The experts value that “these road infrastructures have been planned for decades in Tenerife to improve mobility and are essential” But they also clarify that “the problem is not solved only with infrastructures. And it has been growing due to the factors already mentioned, in addition to “the lack of a coordinated mobility policy between public administrations.”

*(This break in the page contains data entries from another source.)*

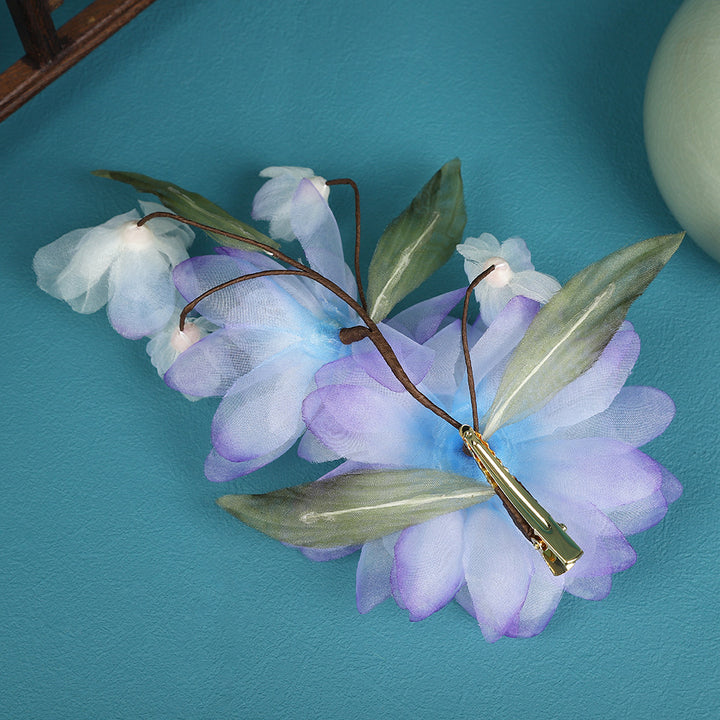 Purple Fabrics Flower Vine Hair Pins Clips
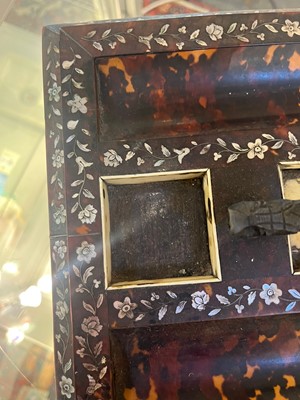 Lot 373 - A rosewood, tortoiseshell, mother-of-pearl and ivory desk stand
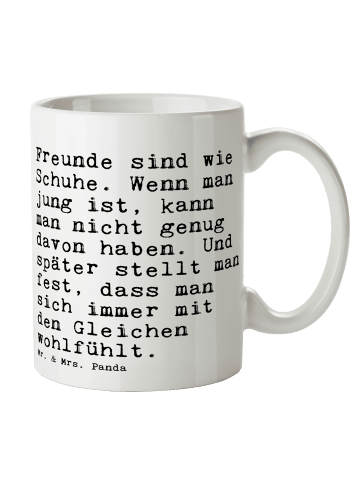 Mr. & Mrs. Panda Kaffeetasse Freunde sind wie Schuhe.... mit Spruch in Weiß
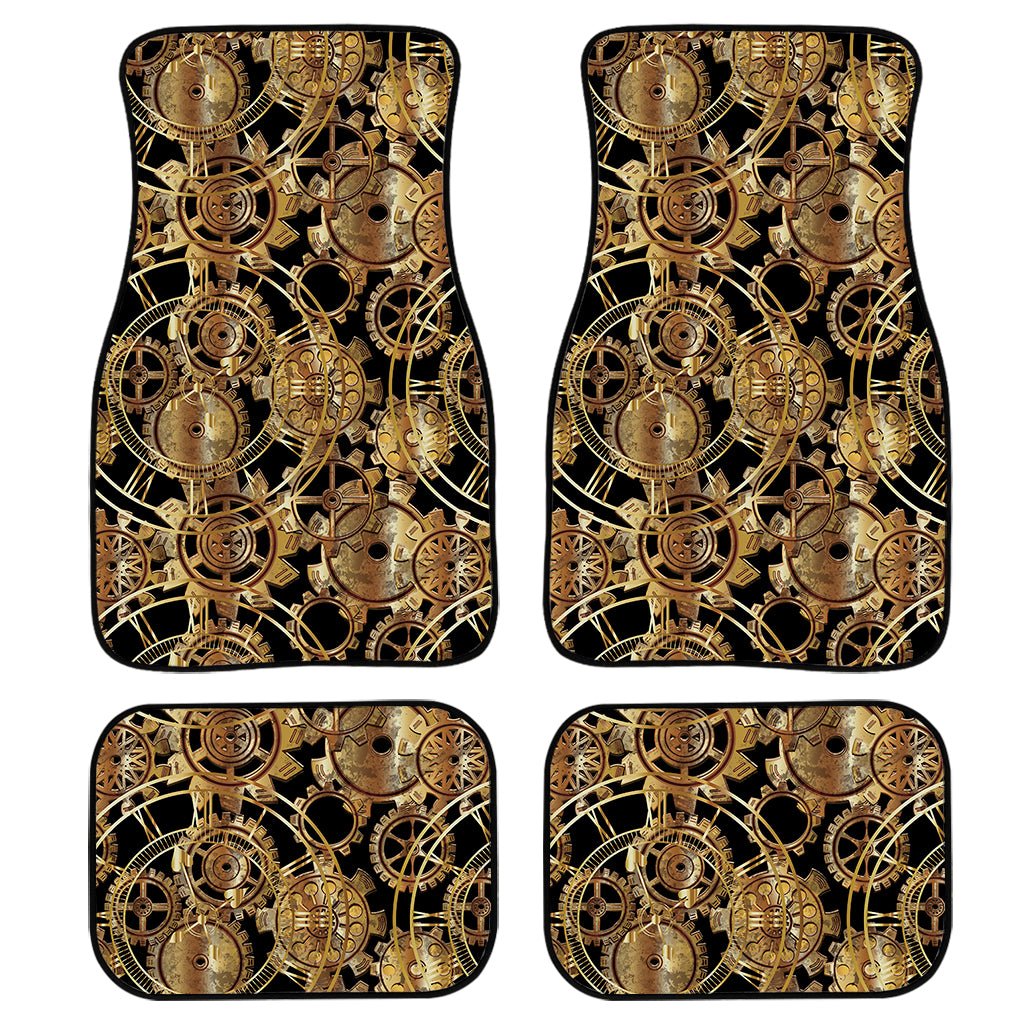 Steampunk Clock Gears Print Front and Back Car Floor Mats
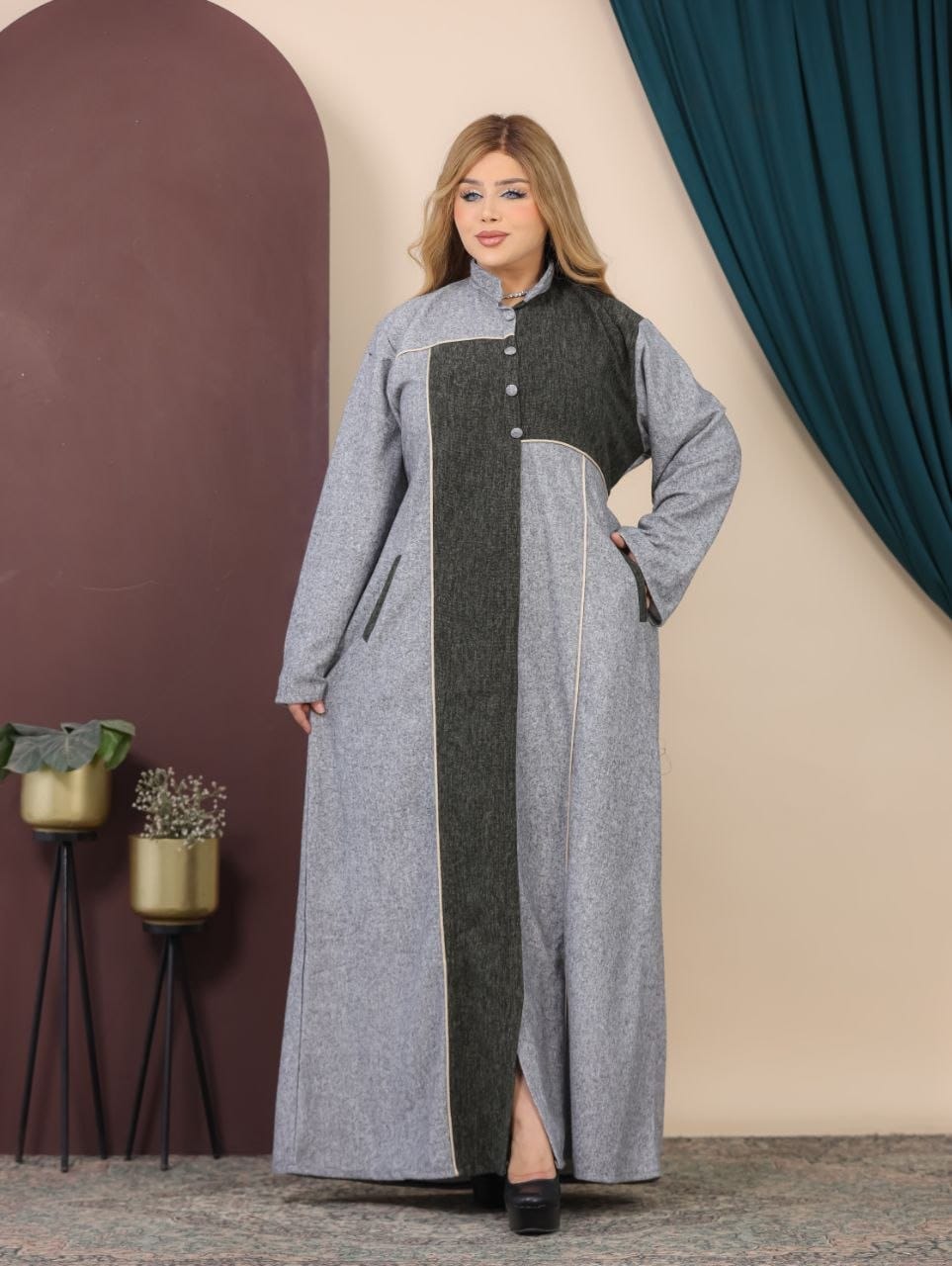 GLB_10 — Light Gray / Olive asymmetric color-block abaya front view, 1: 60–85 kg; 2: 85–120 kg (Light Gray / Olive)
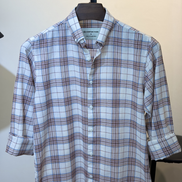 Blue Brown Plaid Check Shirt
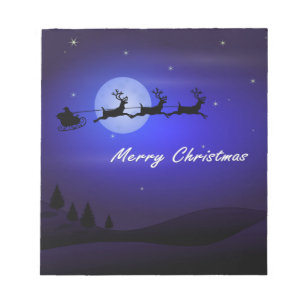 Santa Sleigh Moon Merry Christmas Notepad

José Luis Delgado, general director of Infrastructures of the Government of Canarias; Raquel Guanche, member of Urban Planning of the Official College of Architects; Luis Gutiérrez, vice dean of the College of Roads, Canals and Ports, and José Alberto León, insular director of Mobility of the Cabildo. This meeting of ideas was moderated by the coordinators of the Cycle, Rufino García and Jorge Bonnet.
Jose Luis Delgado.
States that mobility in Tenerife “is completely collapsed for different reasons”. One of them is “the relocation of jobs with respect to the usual place of residence” and the other is “the excessive concentration of work centers in the metropolitan area and the South”. This model can only work if it has “high-capacity fast roads that allow shorter travel times or if high-capacity collective transport is available for very long distances.” Rate: “We have made the mistake of using high-capacity roads practically as collector roads.” In addition, it points out that “the planning approved in 2005 in the regional Parliament, the Trans-Canarian Transport Network, has not been respected. In Tenerife, the projects have not been carried out and this has led us to the current collapse ».
Raquel Guanche.
Point out that the problem is that “in all families there are several cars and we use private transport.” The architect believes that “the dispersed model of the territory is totally rooted in our culture and joins a certain demonization of life in the city.” In addition to the “increase in inhabitants in recent decades and the significant increase in tourists, which represents doubling our population.” This population increase and the centralization of work and leisure places “are responsible for the current saturation of mobility.”
Luis Gutierrez.
States that the diagnosis of mobility on the Island is done: “We live in a total collapse.” The engineer indicates that, surely, Tenerife is “excessively populated” and has an “unparalleled” number of vehicles, about 700,000 on an island of 2,000 square kilometers. Regarding the mistakes made, he agrees to point out “the population dispersion and the urbanization model, which occupies practically the entire territory, and the concentration of destinations.” But, in addition, he insists that “there is a deficit in infrastructure and the ones we have are designed 30 years ago for traffic from 50 years ago.” It also points out the shortcomings in public transport, “especially large capacity.” For Gutiérrez, if Tenerife is compared with other islands, there is a lack of “policies that favor mobility, that risk restricting private traffic and benefiting public transport.” In addition, “if it takes the same time as the private vehicle, nobody is going to get on, except those who do not have a car.” He summarizes: “There is no planning between transport and spatial planning.”
José Alberto Léon.
Agrees that the Island suffers a “circulatory collapse” and he points out that part of the problem is in the occupation of the territory, since “Tenerife has almost become a scattered city, where you have to make very long trips from the place of residence to those of work, study or leisure”. He believes that this “has been done without order and with a model that makes management very complicated, especially of the public, which requires population densities to be efficient.” He commented that, although the planning has been done, the regional one since 2005 and the insular one since 2007, “practically nothing has been executed for 30 years.”